*DATA EXCERPT:*
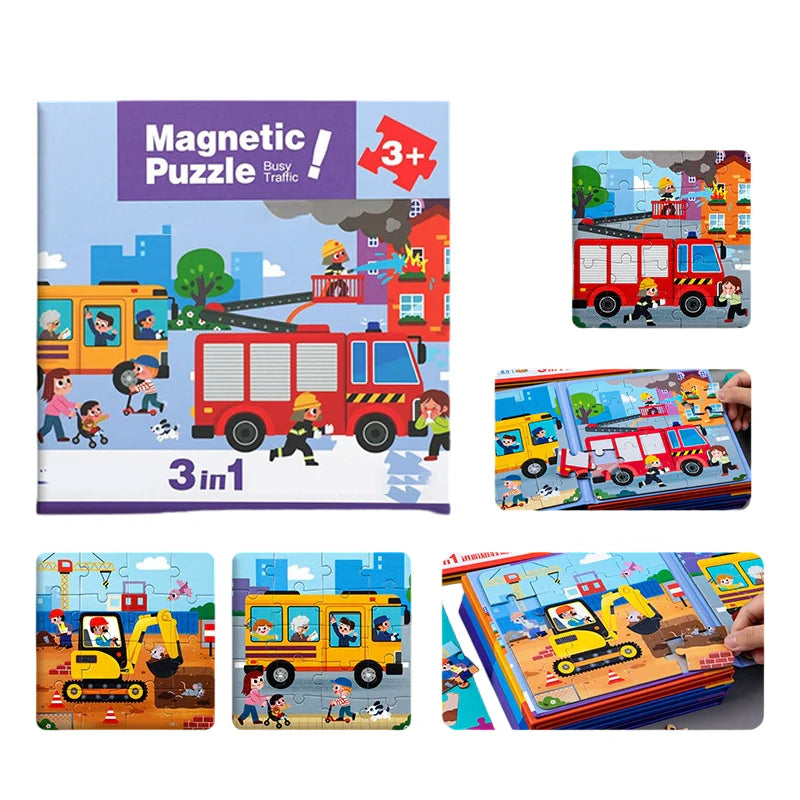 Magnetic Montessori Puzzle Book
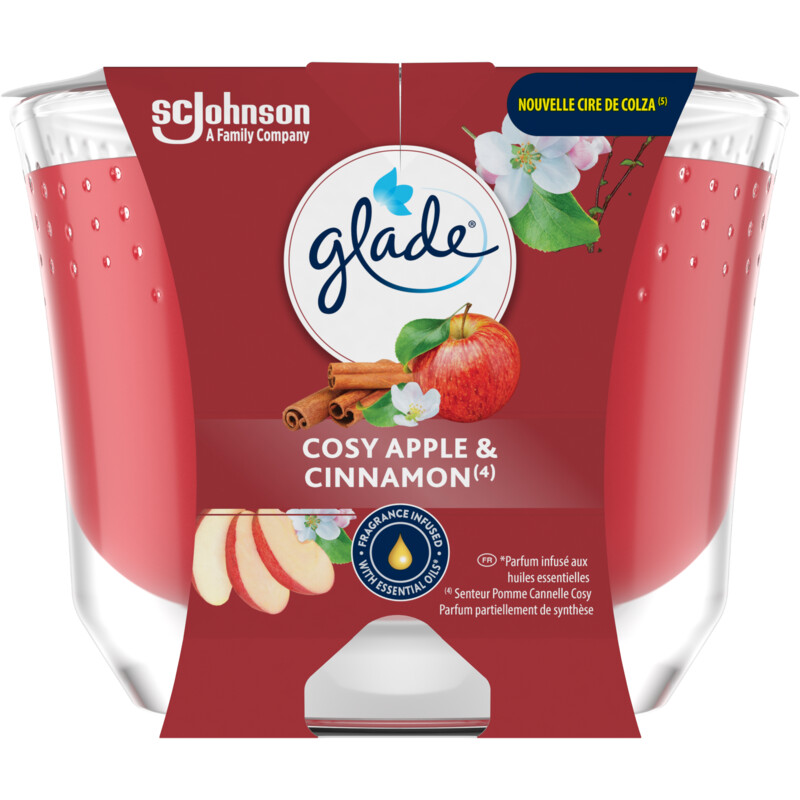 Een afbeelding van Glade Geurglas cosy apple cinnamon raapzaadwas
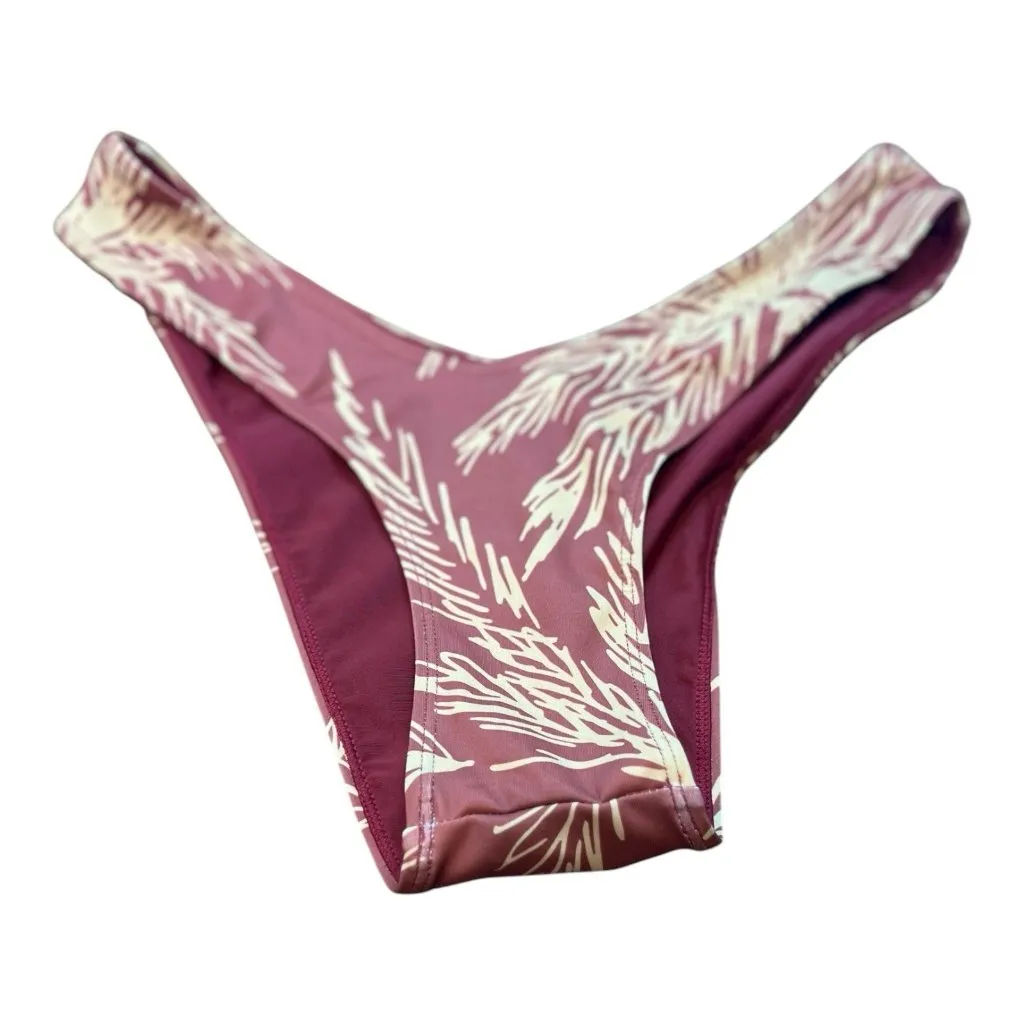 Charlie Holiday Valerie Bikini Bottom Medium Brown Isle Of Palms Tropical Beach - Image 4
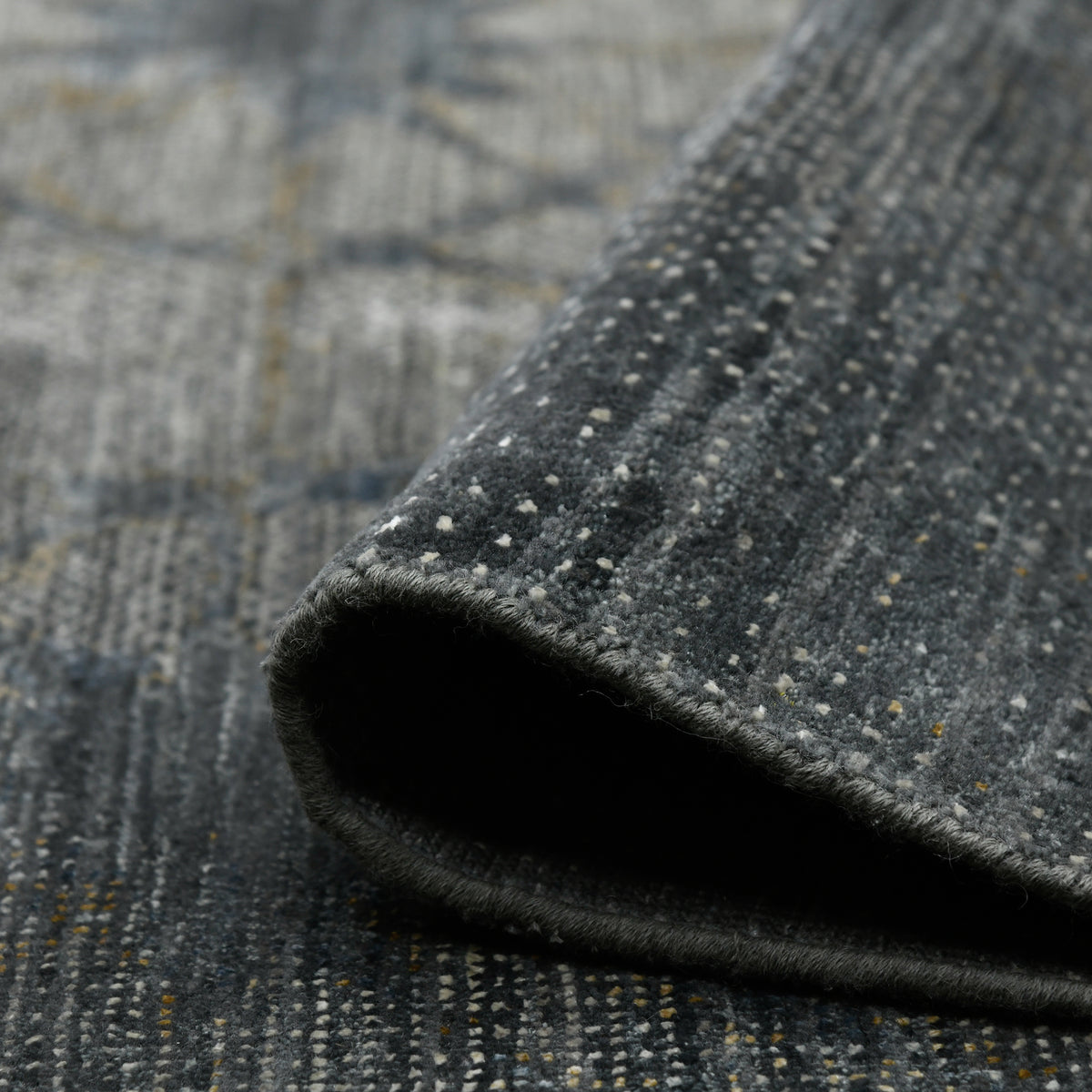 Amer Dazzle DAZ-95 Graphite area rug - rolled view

*REQUIREMENT:* Every line above gets copied exactly; none of the pictures do.

*FINAL ANSWER:*
 Magnetic Montessori Puzzle Book
 Een afbeelding van Glade Geurglas cosy apple cinnamon raapzaadwas
 Charlie Holiday Valerie Bikini Bottom Medium Brown Isle Of Palms Tropical Beach - Image 4
 Amer Dazzle DAZ-95 Graphite area rug - rolled view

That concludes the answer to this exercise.